Isaac Hayes Dead at 65

August 11, 2008 11:26 AM
by Rachel Balik
Award-winning singer and actor Isaac Hayes died at his home on Sunday, August 10. As of Monday morning, the cause of death had not yet been determined.

30-Second Summary

Academy and Grammy Award-winning musician Isaac Hayes was found dead by his wife Sunday, lying next to a treadmill that was still running. The cause of death for the accomplished singer and actor is still unknown; although he was recovering from a stroke, friends said he was doing well. Hayes was also working up until the time of his death, and will appear in a film set for release this November with Samuel Jackson and the recently deceased Bernie Mac.
Although Hayes had his share of chart-topping hits, “his approach was generally more suited to the album format, where he could stretch out and set a mood with his soulful, rap-filled symphonettes,” the Rock and Roll Hall of Fame Web site says. He also had done some unconventional work, writing a score for an experimental film for Norman Mailer before penning and performing his Oscar-winning song “Theme from ‘Shaft.’”
He wanted to star in “Shaft” as well, but he made history anyway, as he was the first African-American to win an Oscar for music. Some film roles did follow, and late in his career, he provided for the voice for Chef on the cartoon “South Park,” until a conflict with the series creators over a satirical episode about Scientology caused him to leave the show.

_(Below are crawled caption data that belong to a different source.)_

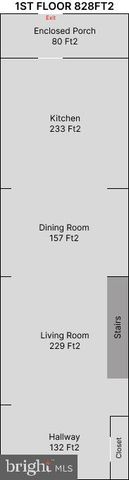 320 W TABOR RD, Philadelphia, PA 19120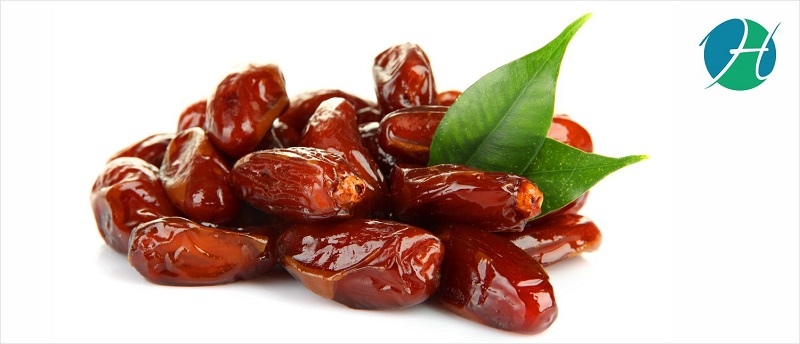 The Top 5 Health Benefits of Dates | HealthSoul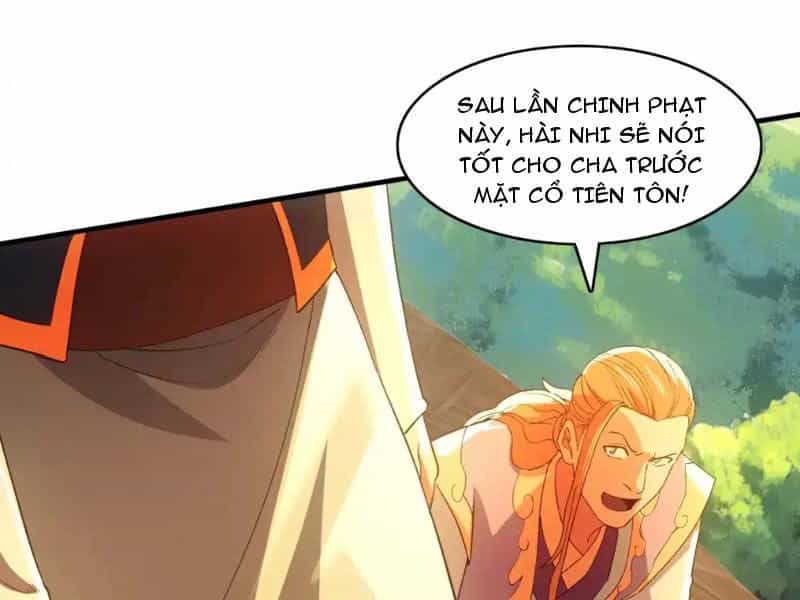 Không Nhường Nữa Ta Chết, Ta Liền Thật Vô Địch - Chương 143 - ảnh 105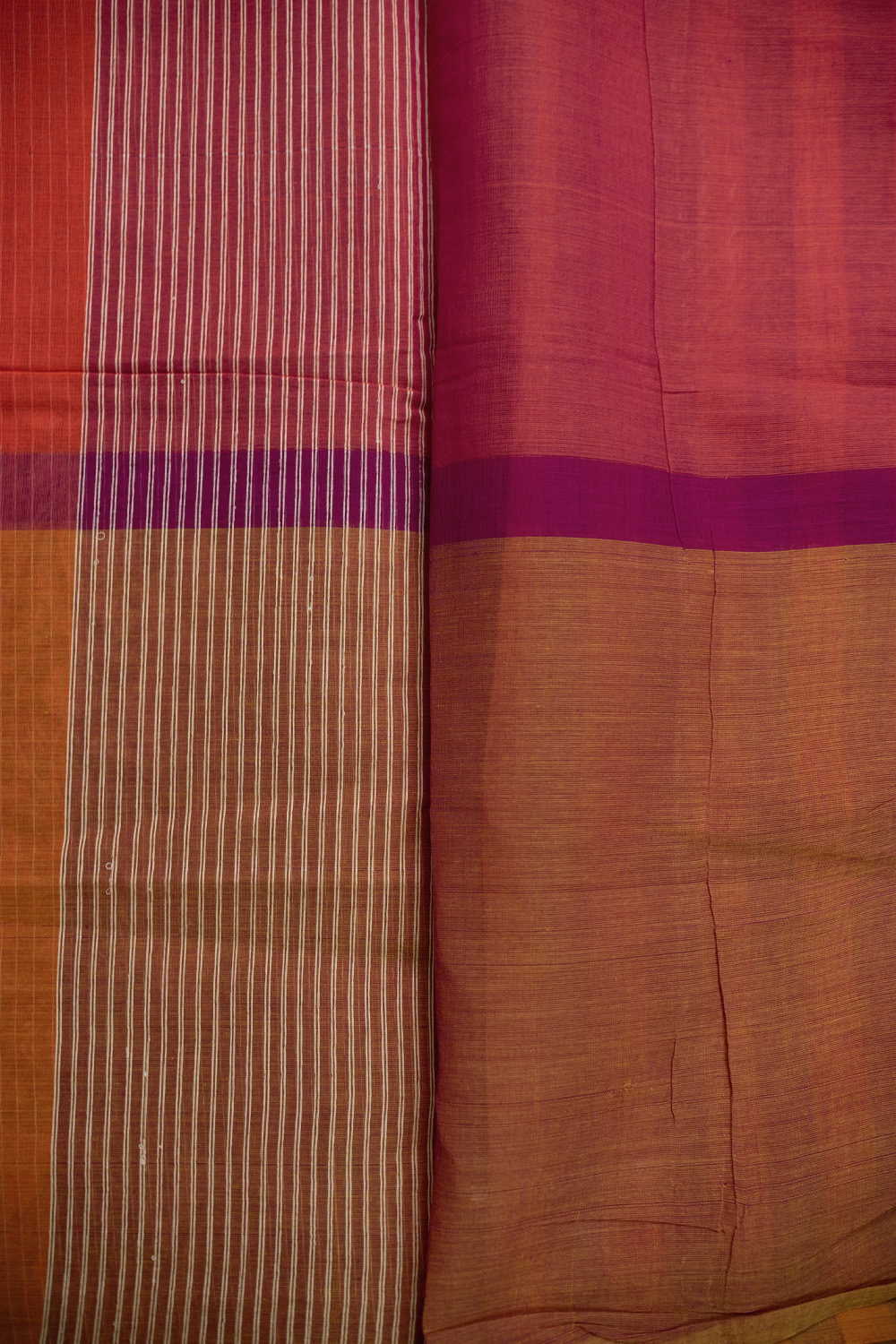 Handloom Sarees-Matkatus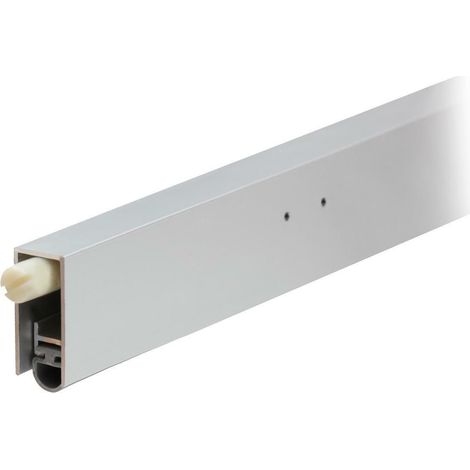 Automatische Türdichtung 75-91,5 cm Automatik Türbodendichtung (1/4)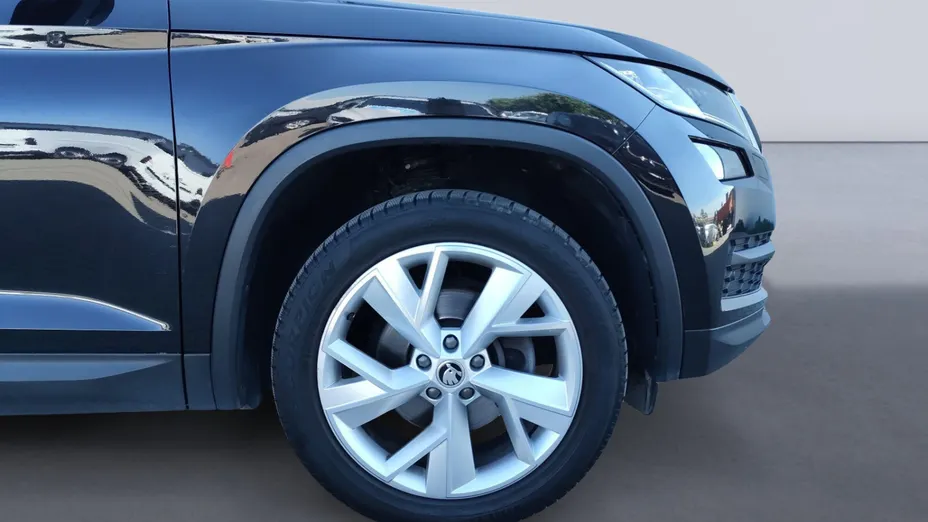 SKODA Kodiaq Kodiaq 2.0 TDI 4x4 Style DSG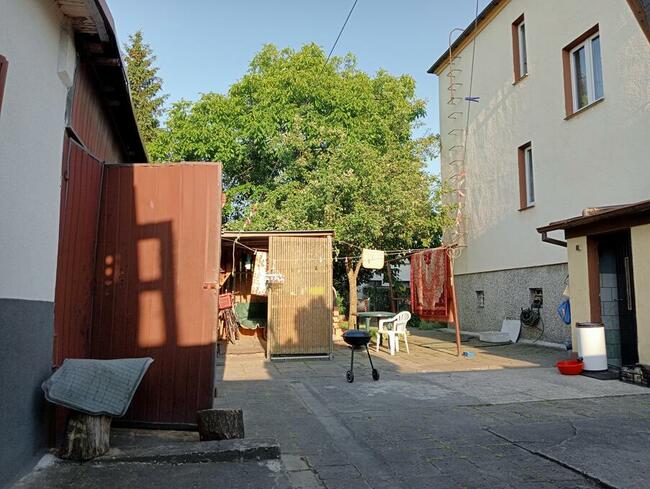 Dom wolnostojący z ogrodem. Poznań Grunwald, Fabianowo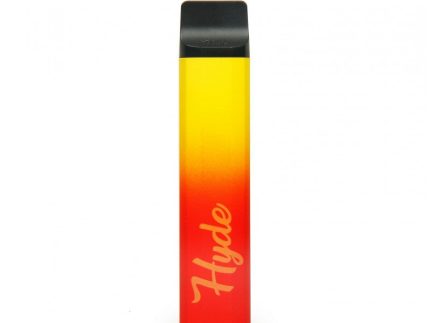 HYDE Edge Recharge  - Summer Luv | 3300 Puffs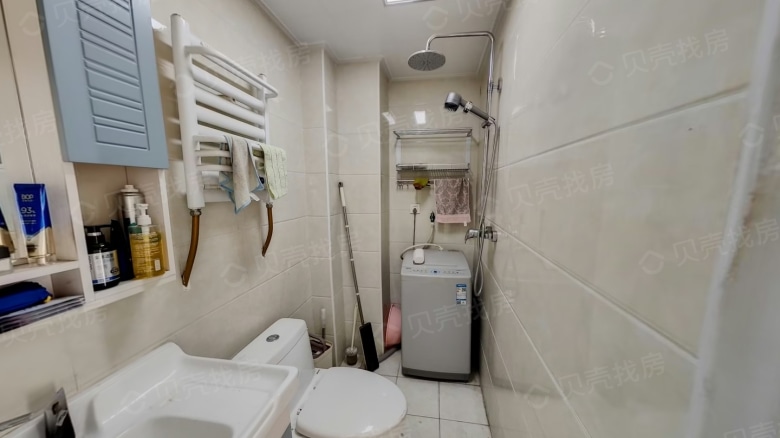 Apartment for rent in Lanzhou - Golden Embankment - Photo 8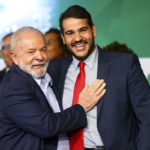Política: Lula diz que indicará Messias ao STF outra vez
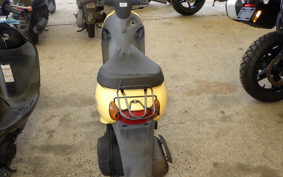 SUZUKI LET's 4 G CA41A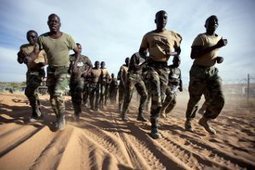 Governance in Africa | Peer2Politics | Scoop.it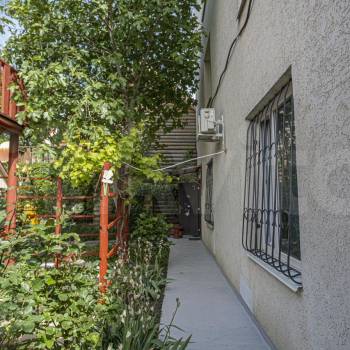 Сдается 1-комнатная квартира, 18 м²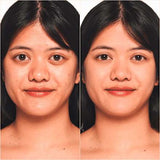 Kompakt Puder All Matt Plus Shine Control Warm Beige 030 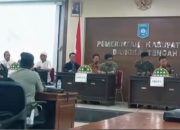 Hebat, Sebanyak 27 Group Lomba Cerdas Cermat Islami di Momen HUT Ke-54 KORPRI, Diskominfosta Keluar Sebagai Juara Pertama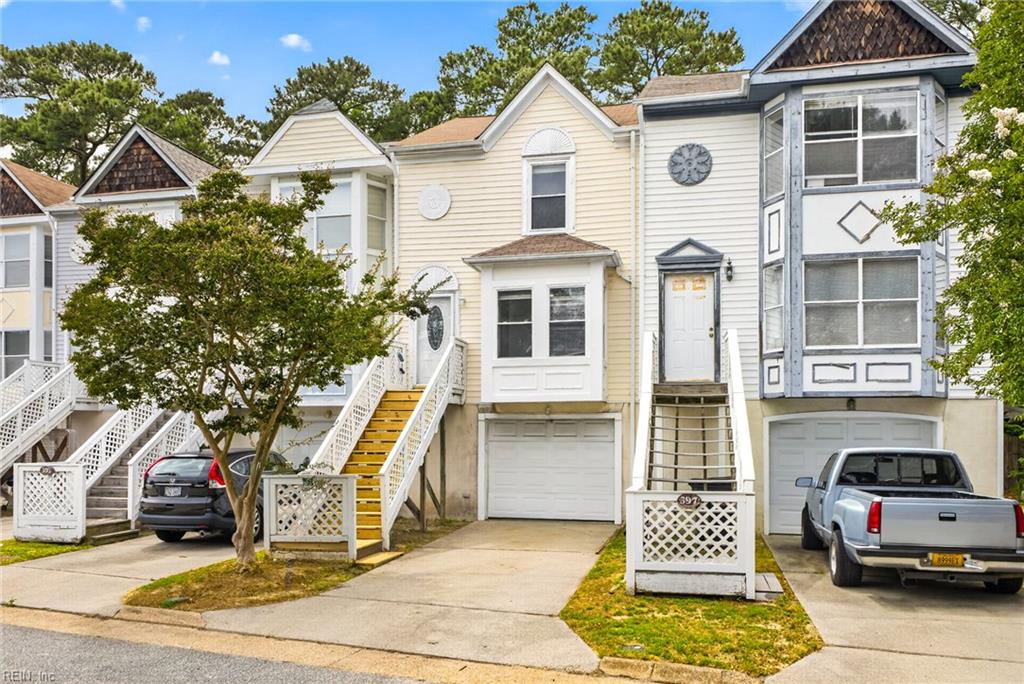 395 Francisco Way Newport News VA 23601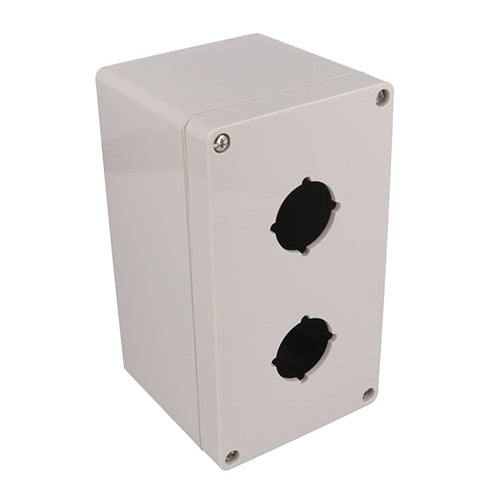 Hammond Manufacturing 1554PB2D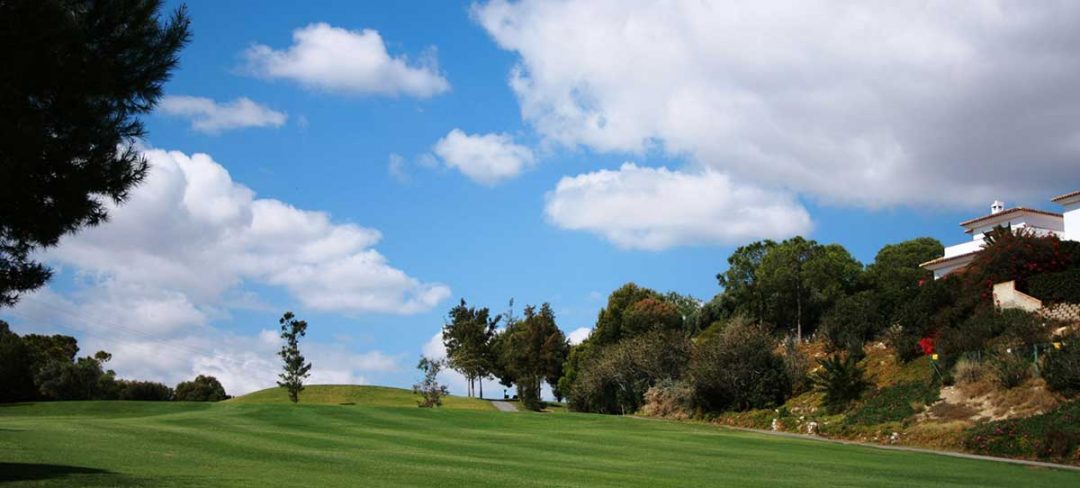 golf course bonalba
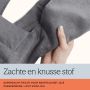 Ergobaby draagzak Embrace  Grey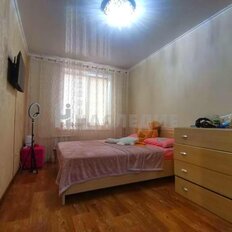 Квартира 36,2 м², 1-комнатная - изображение 3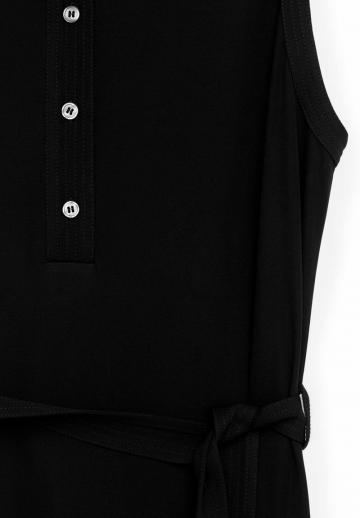 Блузка-платье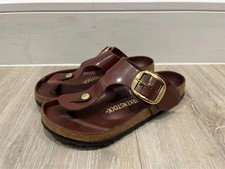 Birkenstock Sandals Gizeh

Hayes is survived by his wife and 12 children.

‘Isaac Hayes, 65, a Creator of ’70s Soul Style, Dies’

Hayes’s music career began as a back-up musician for Stax Records in Tennessee. The first session he ever played was with Otis Redding, and soon he was writing his own music and doing collaborations. The New York Times credits Hayes with defining the sound of Stax Records: “tight, catchy pop, but full of sweat and grit, a proudly unpolished Southern alternative to Motown.” Hayes grabbed attention with his 1969 album, “Hot Buttered Soul,” but wider fame came when he wrote the theme song for the blaxploitation movie “Shaft,” for which he won an Academy Award. Hayes also appeared in several films, and in later years, he became well known as the voice of Chef on the animated comedy “South Park.” Hayes continued to work until the time of his death, although he had recently suffered from a stroke. He will appear in “Soul Men,” a movie set for release in November.

Background: Hayes’s Career and Awards

Hayes was inducted into the Rock and Roll Hall of Fame in 2002. Throughout his career, he worked with some of the greatest performers in soul music and produced a series of chart-topping hits, but “his approach was generally more suited to the album format, where he could stretch out and set a mood with his soulful, rap-filled symphonettes.” In addition to his wealth of entertainment accomplishments, he was crowned as a king in Ghana in 1994 to commemorate his humanitarian efforts there.

When “Theme from ‘Shaft’” won the Oscar for Best Song in 1971, Hayes became the first African-American to win an Academy Award for music. However, “Shaft” was not Hayes’s first foray into the movies; he had previously written a score for Norman Mailer’s experimental film, “Maidstone.” Hayes had dreamed of being an actor, and had actually sought the lead role in “Shaft” for himself. He appeared in a few movies after Shaft, primarily other “blaxploitation” films, says

Hayes was also a staple on the popular TV show, “South Park,” supplying the voice of the wise but somewhat inappropriately ardent Chef. The show was infamous (and wildly popular) for mercilessly mocking religious groups, celebrities and political figures, but after a 2006 episode that targeted Scientology, Hayes, a devoted Scientologist, put his foot down. “There is a place in this world for satire, but there is a time when satire ends, and intolerance and bigotry towards religious beliefs of others begins,” Hayes said in a statement reported by The Guardian. “As a civil rights activist of the past 40 years I cannot support a show that disrespects those beliefs and practices.” Creator Matt Stone felt that civil rights were not the issue, believing that Hayes had taken offense only when his own religion was the one under satirical scrutiny. Hayes was released from his contract.